January 20, 2007
A quote from Jonathan Lear's Radical Hope: Ethics in the Face of Cultural Devastation (2006).This is a text that addresses the vulnerability in pur way of life. The text argues that humans, are by nature cultural animals, in that we necessarily inhabit a way of life that is expressed in a culture. But our way of life --whatever it is-- is vulnerable in various ways. And we, as participants in that way of life, thereby inherit a vulnerability. Lear says:
We live at a time of a heightened sense that civilizations are themselves vulnerable (to destruction, devastation and extinction). Events around the world --terrorist attacks, violent social upheavals, and even natural catastrophes--have left us with an uncanny sense of menace. We seem to be aware of a shared vulnerability that we cannot quite name. I suspect that this feeling has provoked the widespread intolerance that we see around us today --from all points on the political spectrum. It is as though, without insistence that our outlook is correct, the outlook itself might collapse. Perhaps if we could give a name to our shared sense of vulnerability, we could find better ways to live with it
Should our way of life break down, that is our problem.

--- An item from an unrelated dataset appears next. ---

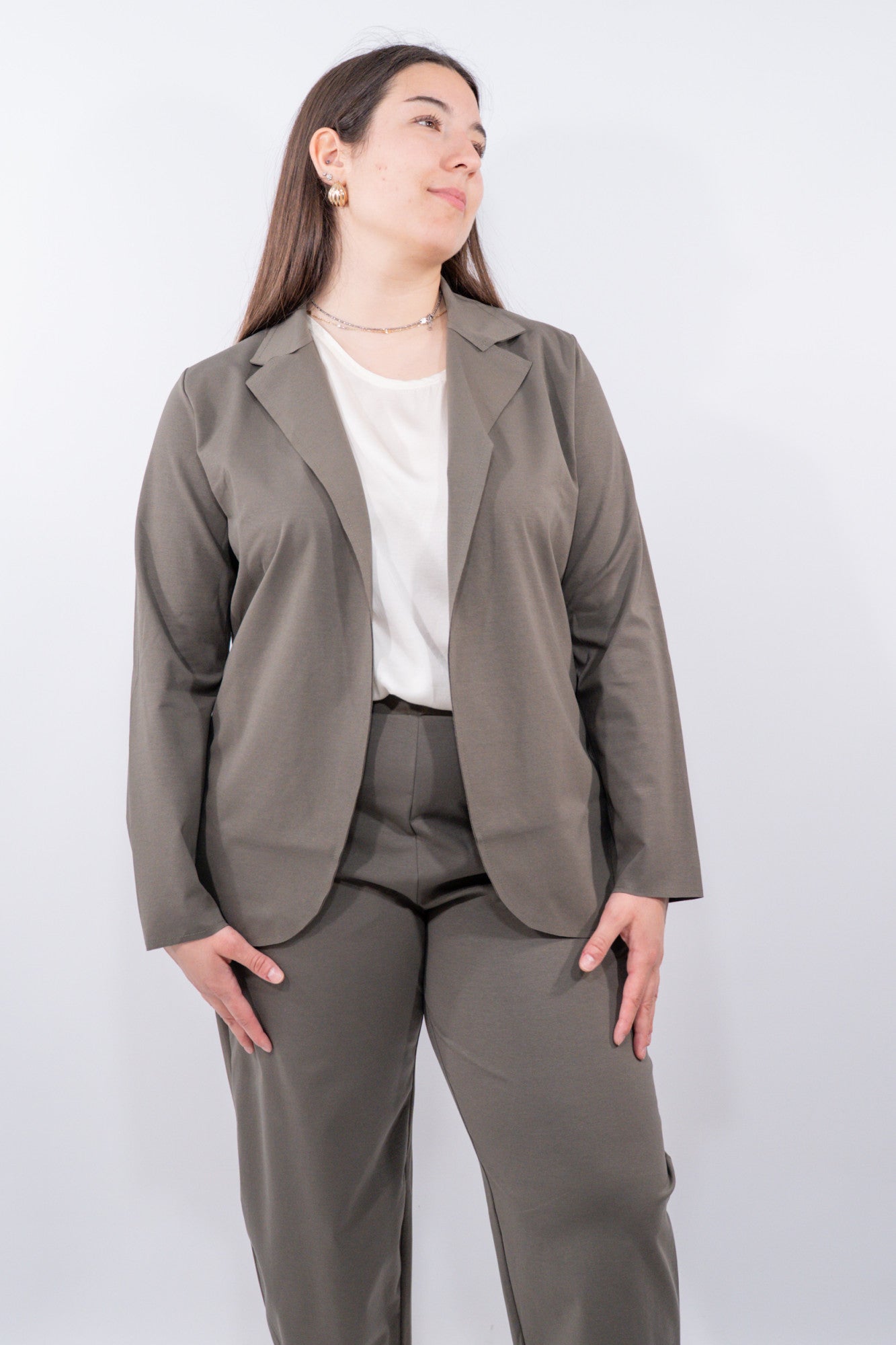 COLOR::MILITARE::1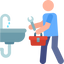 Icon for www.topukplumbers.com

Such vulnerability has to do with the possibility of losing the core concepts in terms of which we understand ourselves, the world in which we live, and which give meaning to our lives individually and collectively, and finding ourselves subsequently confronted with the radical possibility of 'happenings' breaking down and becoming meaningless.
Don't we already have a name for that kind of cultural breakdown--the one Nietzsche gave to it. Nihilism? So how should we face the possibility that one's culture might collapse in this sense?